§ Exercise instructions: With pictures left out, set down exactly the lines that begin at the one containing "Bed in Echarm" and end with the last line of the entries below.

§ Dataset:
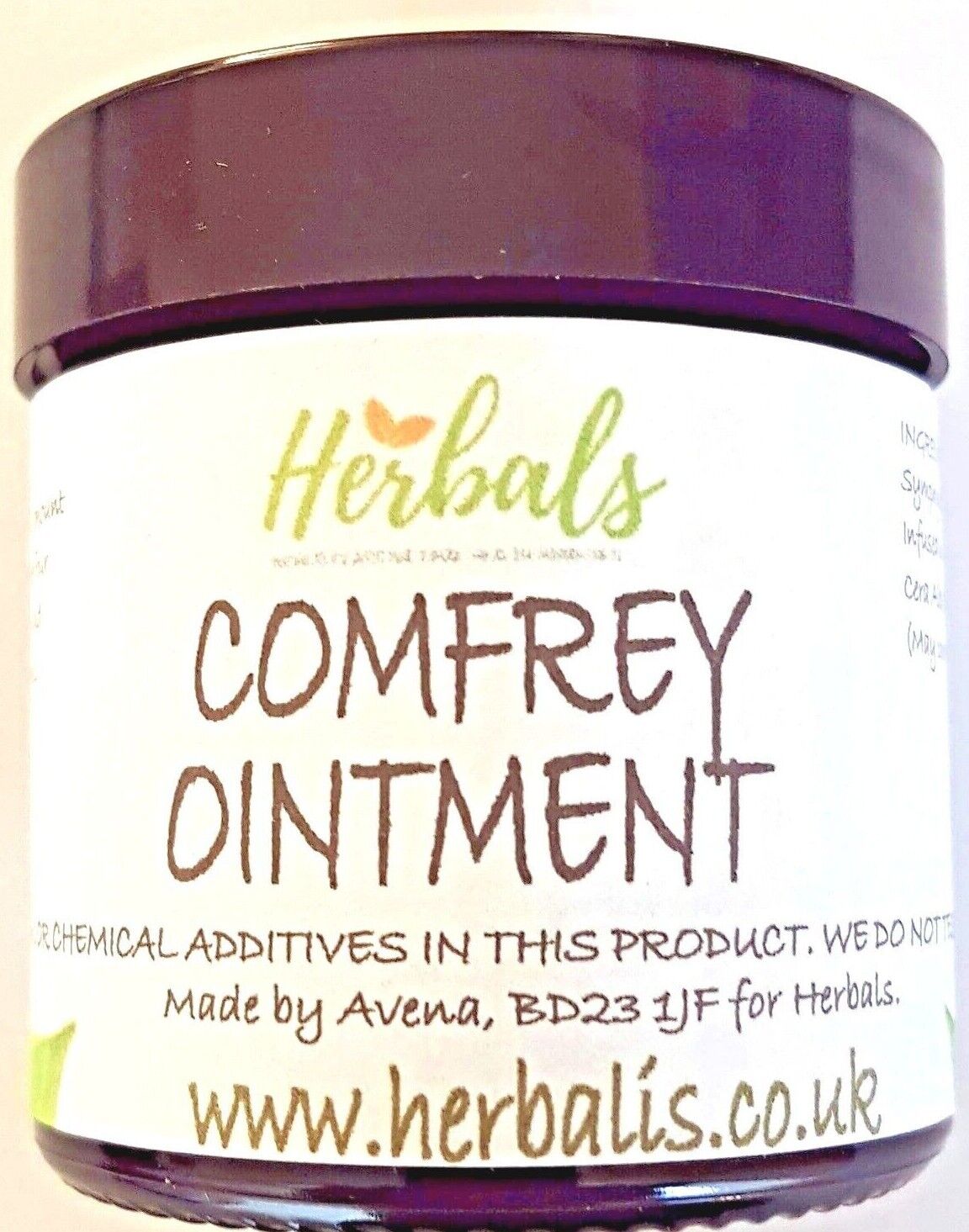 A close-up photo of a jar of "Comfrey Ointment" from the brand Herbals. The label states it is made with no chemical additives, and includes the website www.herbalis.co.uk. The jar has a dark purple lid and a white label with green and brown text.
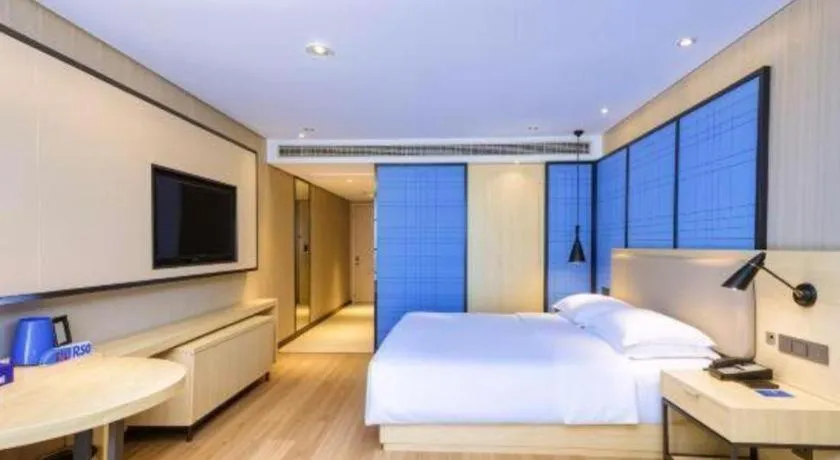 Bed in Echarm Hotel Aegean Shopping Park Zhonghuan Plaza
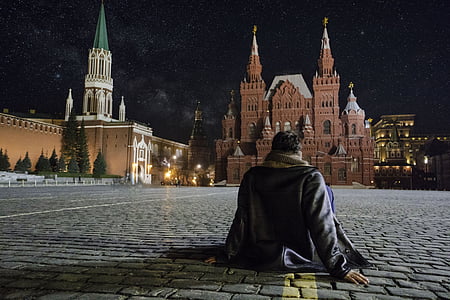 person sitting on street in front of brown brick building thumbnail
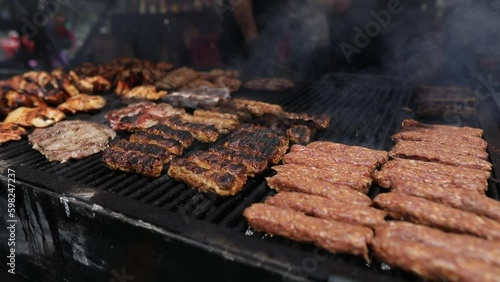 Romanian traditional mici (mititei), grilled ground meat rolls in cylindrical shape and other meats on the barbecue grill.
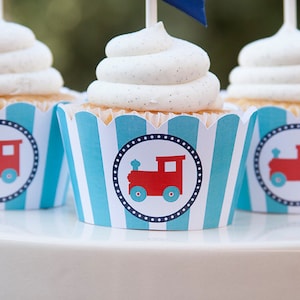 Op de afbeelding: Drie cupcakes met witte frosting en blauwe en witte gestreepte cupcake-vormpjes. Elk cupcake-vormpje heeft een rood treintje-ontwerp.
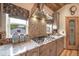 Kitchen with granite counters, stainless appliances, pantry, wooden ceiling and decorative tile backsplash at 1415 Isabell St, Golden, CO 80401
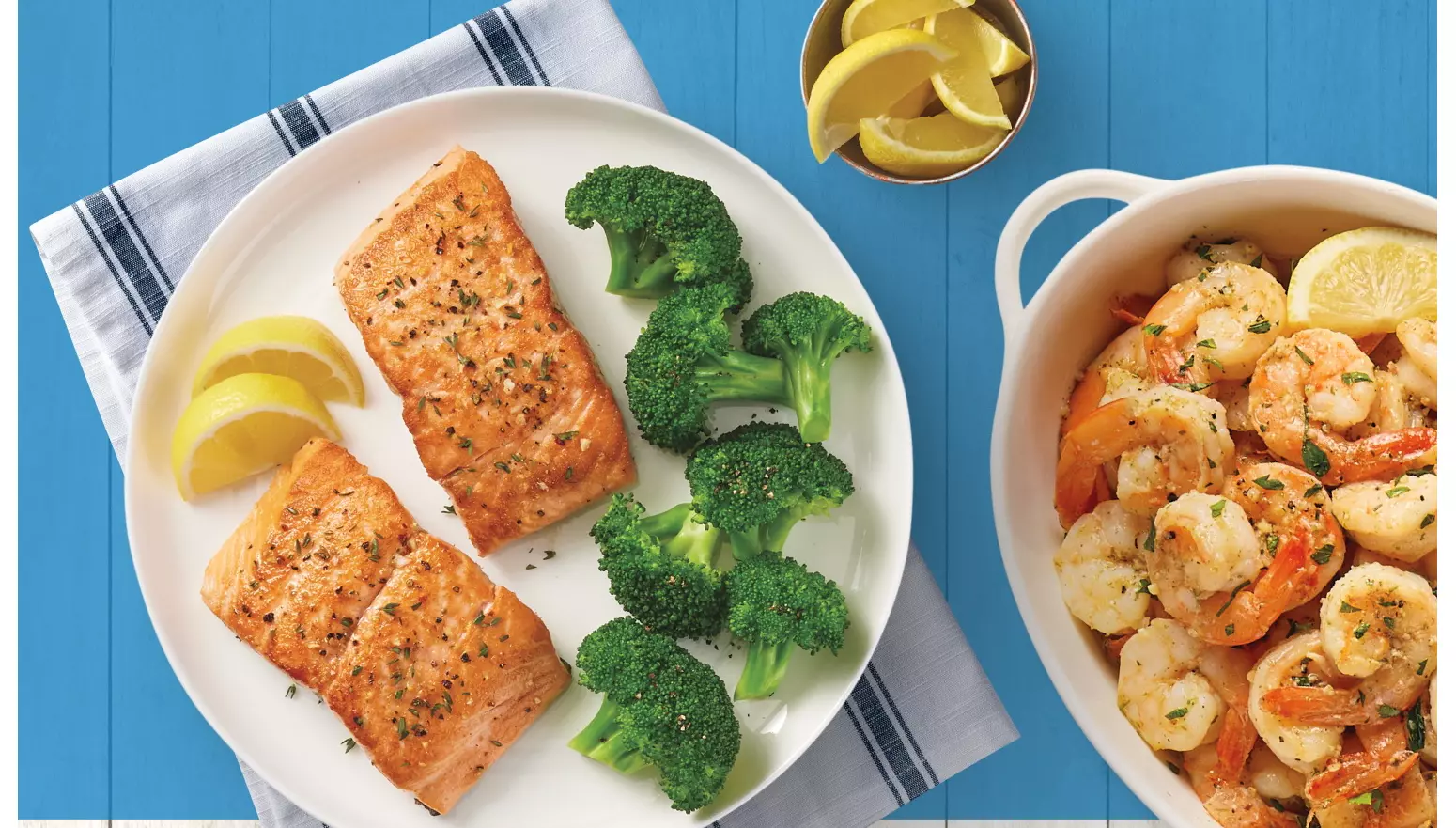 A plate with salmon, lemons, and broccoli; a bowl of shrimp and lemon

§ Solution to this task:
 Bed in Echarm Hotel Aegean Shopping Park Zhonghuan Plaza
 person sitting on street in front of brown brick building thumbnail
 Romanian traditional mici (mititei), grilled ground meat rolls in cylindrical shape and other meats on the barbecue grill.
 Op de afbeelding: Drie cupcakes met witte frosting en blauwe en witte gestreepte cupcake-vormpjes. Elk cupcake-vormpje heeft een rood treintje-ontwerp.
 Kitchen with granite counters, stainless appliances, pantry, wooden ceiling and decorative tile backsplash at 1415 Isabell St, Golden, CO 80401
 A plate with salmon, lemons, and broccoli; a bowl of shrimp and lemon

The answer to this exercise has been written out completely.